Palazzo Sarcinelli, edificio rinascimentale del 1518 un tempo della famiglia cenedese omonima ed ora del Comune, grazie ai suoi sontuosi ambienti ed ai recenti restauri, funzionali e rispettosi della struttura originaria, offre alla mostra una stimolante atmosfera. Il Palazzo, sede fino al 2000 della biblioteca, è utilizzato per mostre d'arte a partire dall'88; esso si affaccia su via XX Settembre, tradizionalmente denominata Contrada Granda, la quale costituiva il fulcro della vita sociale, politica ed economica cittadina ed è oggi la via del centro di più grande rilevanza storico-artistica, in quanto lungo essa vi sono palazzi in prevalenza affrescati, edificati tra Cinquecento ed Ottocento, compresi il Duomo e la sede comunale.
È possibile acquistare i biglietti a data aperta (http://srvticket.artacom.it/biglietteria/listaEventiPub.do?idOwner=28279&tipoPagina=0&codice=bellottoopen) o con prenotazione, così da evitare la coda (http://srvticket.artacom.it/biglietteria/listaEventiPub.do?idOwner=28279&tipoPagina=1&codice=bellottogiornate), e tramite il Numero Verde gratuito (dal lunedì al venerdì dalle ore 9.00 alle 13.00 e dalle 14.00 alle 18.00 al numero 800 775083).

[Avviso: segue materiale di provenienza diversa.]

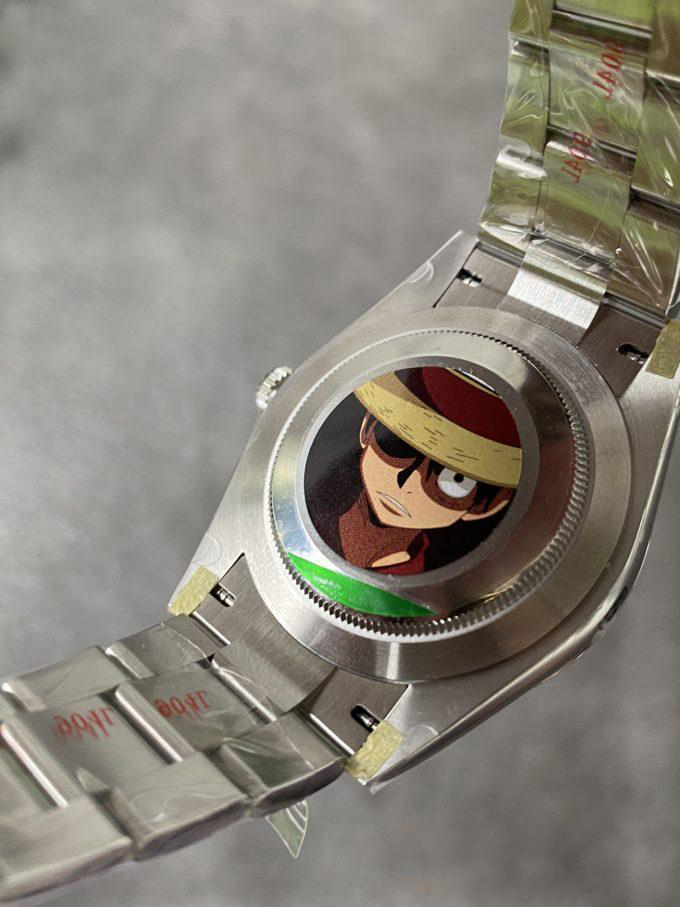 Clean Factory Rolex Oyster Perpetual 124300 CF OP 41mm 904L Steel Tiffany Blue Dial VR3230 Movement 07 Clean Factory Rolex Oyster Perpetual 124300 CF OP 41mm 904L Steel Tiffany Blue Dial VR3230 Movement 07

Le raffigurazioni del Bellotto per Dresda e quelle del Canaletto per Venezia permasero a lungo incontrastate come immagini mitiche a divulgazione internazionale, poiché, come è facile pensare, questi due abili interpreti si distinguevano tra gli altri pittori per il talento e godevano di una considerevole visibilità legata ai propri committenti, ma soprattutto perché al tempo in cui operavano non esisteva la fotografia, disciplina che incominciò a concretizzarsi agli inizi dell'Ottocento; è quindi loro la maestria nel saper conciliare perfettamente la descrittiva limpidezza ottica e la totale adesione sentimentale, dove la comune presenza d'acqua crea un suggestivo parallelo tra le rive dell'Elba e quelle del Canal Grande.



Palazzo Sarcinelli
Bernardo Bellotto-Il Canaletto delle corti europee, a cura di Dario Succi
Conegliano, dall'11 Novembre al 15 Aprile
Orari: lun, mar, mer, giov 9.00-19.00; ven, sab 9.00-21.00; dom 9.00-20.00.